[Opening RECORDS FOR THIS EXERCISE section]

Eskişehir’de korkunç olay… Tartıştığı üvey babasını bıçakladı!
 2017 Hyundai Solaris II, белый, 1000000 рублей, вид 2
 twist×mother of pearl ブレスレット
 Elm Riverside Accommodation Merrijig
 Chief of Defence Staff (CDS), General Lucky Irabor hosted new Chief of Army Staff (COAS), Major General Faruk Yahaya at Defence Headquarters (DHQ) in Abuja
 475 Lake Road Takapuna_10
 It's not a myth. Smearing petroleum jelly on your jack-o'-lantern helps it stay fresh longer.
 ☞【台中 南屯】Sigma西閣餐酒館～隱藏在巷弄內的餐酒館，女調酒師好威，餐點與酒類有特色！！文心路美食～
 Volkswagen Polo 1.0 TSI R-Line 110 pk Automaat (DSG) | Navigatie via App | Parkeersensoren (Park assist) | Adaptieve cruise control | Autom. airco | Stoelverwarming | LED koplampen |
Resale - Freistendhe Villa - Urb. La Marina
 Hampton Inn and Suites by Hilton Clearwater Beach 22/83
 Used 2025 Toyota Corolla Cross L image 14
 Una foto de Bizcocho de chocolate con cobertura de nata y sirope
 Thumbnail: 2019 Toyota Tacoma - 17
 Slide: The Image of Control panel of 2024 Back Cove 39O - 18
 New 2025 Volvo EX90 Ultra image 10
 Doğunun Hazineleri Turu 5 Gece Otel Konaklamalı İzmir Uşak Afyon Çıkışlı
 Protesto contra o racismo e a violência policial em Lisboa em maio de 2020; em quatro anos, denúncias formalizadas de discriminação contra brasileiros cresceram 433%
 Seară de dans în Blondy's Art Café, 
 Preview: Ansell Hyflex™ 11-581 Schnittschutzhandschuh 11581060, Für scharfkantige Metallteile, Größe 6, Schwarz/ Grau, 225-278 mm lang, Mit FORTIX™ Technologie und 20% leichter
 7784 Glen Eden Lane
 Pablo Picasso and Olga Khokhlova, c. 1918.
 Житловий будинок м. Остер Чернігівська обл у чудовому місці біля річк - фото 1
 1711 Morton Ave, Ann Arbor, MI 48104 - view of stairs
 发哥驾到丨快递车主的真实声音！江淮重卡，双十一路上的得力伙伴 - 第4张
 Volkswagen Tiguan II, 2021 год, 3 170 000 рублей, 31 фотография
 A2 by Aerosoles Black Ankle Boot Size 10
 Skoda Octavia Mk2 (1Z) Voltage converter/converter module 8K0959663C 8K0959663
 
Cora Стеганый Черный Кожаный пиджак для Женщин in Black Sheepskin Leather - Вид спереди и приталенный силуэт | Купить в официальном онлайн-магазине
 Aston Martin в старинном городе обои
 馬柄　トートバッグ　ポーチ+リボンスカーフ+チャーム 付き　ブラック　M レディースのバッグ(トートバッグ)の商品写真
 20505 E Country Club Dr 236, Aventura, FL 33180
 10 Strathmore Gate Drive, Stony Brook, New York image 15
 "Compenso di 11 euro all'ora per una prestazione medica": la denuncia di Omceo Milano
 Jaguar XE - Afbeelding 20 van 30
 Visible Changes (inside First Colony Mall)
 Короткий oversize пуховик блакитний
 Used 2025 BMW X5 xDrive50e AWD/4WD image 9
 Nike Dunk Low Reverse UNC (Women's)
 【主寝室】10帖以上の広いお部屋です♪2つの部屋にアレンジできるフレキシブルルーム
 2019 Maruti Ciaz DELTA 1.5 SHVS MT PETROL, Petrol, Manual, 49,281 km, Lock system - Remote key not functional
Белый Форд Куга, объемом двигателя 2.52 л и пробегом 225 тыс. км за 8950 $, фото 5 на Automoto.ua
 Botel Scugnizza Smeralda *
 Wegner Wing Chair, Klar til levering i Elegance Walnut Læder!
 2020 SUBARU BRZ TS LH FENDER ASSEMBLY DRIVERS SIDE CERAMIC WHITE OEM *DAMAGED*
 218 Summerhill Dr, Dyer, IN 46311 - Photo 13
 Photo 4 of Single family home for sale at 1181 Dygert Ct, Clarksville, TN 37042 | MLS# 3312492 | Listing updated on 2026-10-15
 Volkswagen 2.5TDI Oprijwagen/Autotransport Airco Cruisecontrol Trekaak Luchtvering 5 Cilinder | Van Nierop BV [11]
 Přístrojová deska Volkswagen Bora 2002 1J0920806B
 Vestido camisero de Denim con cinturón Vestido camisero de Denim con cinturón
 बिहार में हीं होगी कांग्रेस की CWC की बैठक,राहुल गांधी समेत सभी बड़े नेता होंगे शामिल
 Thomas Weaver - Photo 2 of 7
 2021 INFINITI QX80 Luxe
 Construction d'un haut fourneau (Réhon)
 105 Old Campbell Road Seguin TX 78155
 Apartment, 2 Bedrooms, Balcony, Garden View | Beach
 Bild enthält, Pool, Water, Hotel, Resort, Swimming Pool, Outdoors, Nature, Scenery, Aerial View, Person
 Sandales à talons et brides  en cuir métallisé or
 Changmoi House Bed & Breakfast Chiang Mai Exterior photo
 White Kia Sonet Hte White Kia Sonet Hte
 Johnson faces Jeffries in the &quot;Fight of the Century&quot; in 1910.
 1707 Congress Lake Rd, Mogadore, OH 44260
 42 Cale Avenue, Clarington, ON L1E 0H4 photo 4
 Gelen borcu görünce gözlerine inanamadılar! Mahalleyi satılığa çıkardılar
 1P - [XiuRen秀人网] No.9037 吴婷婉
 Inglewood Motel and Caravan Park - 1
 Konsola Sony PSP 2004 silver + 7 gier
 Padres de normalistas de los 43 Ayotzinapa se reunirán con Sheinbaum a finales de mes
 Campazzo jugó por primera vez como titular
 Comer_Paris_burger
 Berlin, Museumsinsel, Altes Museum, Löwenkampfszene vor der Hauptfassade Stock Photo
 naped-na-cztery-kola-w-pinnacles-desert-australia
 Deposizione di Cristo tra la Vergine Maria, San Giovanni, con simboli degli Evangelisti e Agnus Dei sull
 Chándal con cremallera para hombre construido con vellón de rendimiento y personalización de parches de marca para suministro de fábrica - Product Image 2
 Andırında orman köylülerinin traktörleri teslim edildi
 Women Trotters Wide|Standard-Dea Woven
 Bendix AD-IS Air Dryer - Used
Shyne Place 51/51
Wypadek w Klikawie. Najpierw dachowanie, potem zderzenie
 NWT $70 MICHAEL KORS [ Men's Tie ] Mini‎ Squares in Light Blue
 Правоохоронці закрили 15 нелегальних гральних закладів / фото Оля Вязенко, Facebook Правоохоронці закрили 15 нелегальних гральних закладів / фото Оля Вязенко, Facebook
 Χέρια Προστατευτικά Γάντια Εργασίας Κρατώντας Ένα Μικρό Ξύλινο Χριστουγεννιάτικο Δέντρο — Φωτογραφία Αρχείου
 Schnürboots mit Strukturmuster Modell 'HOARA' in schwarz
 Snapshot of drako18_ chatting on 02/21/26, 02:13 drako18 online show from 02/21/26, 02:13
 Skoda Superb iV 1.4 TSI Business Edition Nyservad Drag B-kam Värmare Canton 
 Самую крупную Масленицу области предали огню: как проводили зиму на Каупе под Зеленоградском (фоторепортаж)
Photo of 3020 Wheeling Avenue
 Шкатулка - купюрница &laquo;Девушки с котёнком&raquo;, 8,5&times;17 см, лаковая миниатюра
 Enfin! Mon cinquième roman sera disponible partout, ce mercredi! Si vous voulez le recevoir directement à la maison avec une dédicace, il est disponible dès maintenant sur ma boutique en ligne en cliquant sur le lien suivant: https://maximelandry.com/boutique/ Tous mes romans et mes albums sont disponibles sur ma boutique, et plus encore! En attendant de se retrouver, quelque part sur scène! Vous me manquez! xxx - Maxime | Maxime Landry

[Closing RECORDS FOR THIS EXERCISE section]

_AIM OF THE EXERCISE_
Using the records above, set down exactly the lines from the one with "1P - [XiuRen秀人网] No.9037 吴婷婉" through the one with "naped-na-cztery-kola-w-pinnacles-desert-australia", inclusive, and nothing more.

_ANSWER AREA_
 1P - [XiuRen秀人网] No.9037 吴婷婉
 Inglewood Motel and Caravan Park - 1
 Konsola Sony PSP 2004 silver + 7 gier
 Padres de normalistas de los 43 Ayotzinapa se reunirán con Sheinbaum a finales de mes
 Campazzo jugó por primera vez como titular
 Comer_Paris_burger
 Berlin, Museumsinsel, Altes Museum, Löwenkampfszene vor der Hauptfassade Stock Photo
 naped-na-cztery-kola-w-pinnacles-desert-australia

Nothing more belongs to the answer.